┌─ DATA SHOWN

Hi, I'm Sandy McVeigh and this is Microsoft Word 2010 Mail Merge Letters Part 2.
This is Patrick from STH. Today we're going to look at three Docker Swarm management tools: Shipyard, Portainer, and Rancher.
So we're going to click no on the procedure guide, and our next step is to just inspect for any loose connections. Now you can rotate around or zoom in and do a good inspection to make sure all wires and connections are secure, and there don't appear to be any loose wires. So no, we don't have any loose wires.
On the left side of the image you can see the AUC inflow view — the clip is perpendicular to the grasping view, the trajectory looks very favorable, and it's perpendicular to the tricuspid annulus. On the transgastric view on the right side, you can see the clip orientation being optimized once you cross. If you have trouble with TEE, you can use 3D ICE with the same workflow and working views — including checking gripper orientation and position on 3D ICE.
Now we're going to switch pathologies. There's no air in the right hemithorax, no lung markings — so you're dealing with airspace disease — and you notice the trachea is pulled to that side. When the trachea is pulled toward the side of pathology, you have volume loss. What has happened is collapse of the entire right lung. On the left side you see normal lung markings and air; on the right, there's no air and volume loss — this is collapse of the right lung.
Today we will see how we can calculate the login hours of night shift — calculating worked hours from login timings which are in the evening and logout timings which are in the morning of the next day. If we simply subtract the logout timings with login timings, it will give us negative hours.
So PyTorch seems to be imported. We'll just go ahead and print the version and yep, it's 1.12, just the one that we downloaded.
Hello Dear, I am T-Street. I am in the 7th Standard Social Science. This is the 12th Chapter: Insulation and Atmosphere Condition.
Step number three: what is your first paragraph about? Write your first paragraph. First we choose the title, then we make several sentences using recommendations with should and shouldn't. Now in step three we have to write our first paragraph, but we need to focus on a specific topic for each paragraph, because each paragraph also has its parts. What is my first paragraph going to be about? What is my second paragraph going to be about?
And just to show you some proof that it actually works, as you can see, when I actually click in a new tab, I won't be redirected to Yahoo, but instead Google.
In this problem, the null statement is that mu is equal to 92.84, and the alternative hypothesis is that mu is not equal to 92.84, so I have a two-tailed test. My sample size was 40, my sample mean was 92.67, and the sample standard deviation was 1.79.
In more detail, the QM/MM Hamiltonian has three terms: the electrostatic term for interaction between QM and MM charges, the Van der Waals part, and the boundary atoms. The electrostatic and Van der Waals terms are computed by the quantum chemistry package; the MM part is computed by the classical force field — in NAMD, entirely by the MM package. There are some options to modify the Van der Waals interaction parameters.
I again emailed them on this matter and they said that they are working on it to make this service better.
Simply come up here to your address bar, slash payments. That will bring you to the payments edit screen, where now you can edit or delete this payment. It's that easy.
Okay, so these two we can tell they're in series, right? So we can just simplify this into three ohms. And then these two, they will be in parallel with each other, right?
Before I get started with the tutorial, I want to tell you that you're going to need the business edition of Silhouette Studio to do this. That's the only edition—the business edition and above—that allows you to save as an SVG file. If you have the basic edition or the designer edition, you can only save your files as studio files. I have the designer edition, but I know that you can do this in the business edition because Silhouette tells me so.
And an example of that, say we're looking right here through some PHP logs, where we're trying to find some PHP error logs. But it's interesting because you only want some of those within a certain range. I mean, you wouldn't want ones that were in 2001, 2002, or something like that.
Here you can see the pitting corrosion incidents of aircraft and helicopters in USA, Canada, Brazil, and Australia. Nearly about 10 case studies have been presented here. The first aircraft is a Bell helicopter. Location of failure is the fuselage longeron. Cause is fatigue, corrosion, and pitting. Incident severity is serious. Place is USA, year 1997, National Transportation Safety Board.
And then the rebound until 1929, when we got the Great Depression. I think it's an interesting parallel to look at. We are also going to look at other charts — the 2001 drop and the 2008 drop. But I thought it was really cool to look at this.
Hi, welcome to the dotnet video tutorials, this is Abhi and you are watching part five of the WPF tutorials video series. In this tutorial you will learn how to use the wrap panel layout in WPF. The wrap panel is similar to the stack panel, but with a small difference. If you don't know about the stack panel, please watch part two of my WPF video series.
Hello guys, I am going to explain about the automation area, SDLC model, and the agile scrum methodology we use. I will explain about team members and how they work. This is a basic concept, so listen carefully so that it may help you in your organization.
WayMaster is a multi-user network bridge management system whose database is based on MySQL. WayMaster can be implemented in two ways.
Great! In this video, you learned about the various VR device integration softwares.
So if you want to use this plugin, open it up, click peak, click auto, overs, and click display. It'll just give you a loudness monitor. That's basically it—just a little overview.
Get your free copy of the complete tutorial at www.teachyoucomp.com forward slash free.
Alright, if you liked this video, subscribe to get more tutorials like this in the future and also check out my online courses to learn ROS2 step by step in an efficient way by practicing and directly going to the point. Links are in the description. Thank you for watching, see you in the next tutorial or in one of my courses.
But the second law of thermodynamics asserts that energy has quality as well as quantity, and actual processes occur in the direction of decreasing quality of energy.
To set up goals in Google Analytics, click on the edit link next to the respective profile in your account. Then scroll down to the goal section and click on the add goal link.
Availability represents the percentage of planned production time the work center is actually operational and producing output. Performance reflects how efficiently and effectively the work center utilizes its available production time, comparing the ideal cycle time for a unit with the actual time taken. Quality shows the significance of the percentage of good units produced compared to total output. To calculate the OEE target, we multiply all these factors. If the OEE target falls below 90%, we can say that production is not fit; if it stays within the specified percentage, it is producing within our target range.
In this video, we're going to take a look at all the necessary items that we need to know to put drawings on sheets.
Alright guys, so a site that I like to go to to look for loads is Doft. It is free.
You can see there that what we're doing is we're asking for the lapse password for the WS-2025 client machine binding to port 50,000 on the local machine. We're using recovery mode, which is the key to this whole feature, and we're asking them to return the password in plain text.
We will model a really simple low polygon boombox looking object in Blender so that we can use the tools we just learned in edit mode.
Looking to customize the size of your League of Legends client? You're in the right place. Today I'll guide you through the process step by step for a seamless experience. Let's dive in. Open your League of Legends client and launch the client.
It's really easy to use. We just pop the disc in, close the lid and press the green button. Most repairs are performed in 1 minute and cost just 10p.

└─

From the listing above, output exactly the run of lines that starts with the line containing "Great! In this" and ends with the line containing "Get your free".

Great! In this video, you learned about the various VR device integration softwares.
So if you want to use this plugin, open it up, click peak, click auto, overs, and click display. It'll just give you a loudness monitor. That's basically it—just a little overview.
Get your free copy of the complete tutorial at www.teachyoucomp.com forward slash free.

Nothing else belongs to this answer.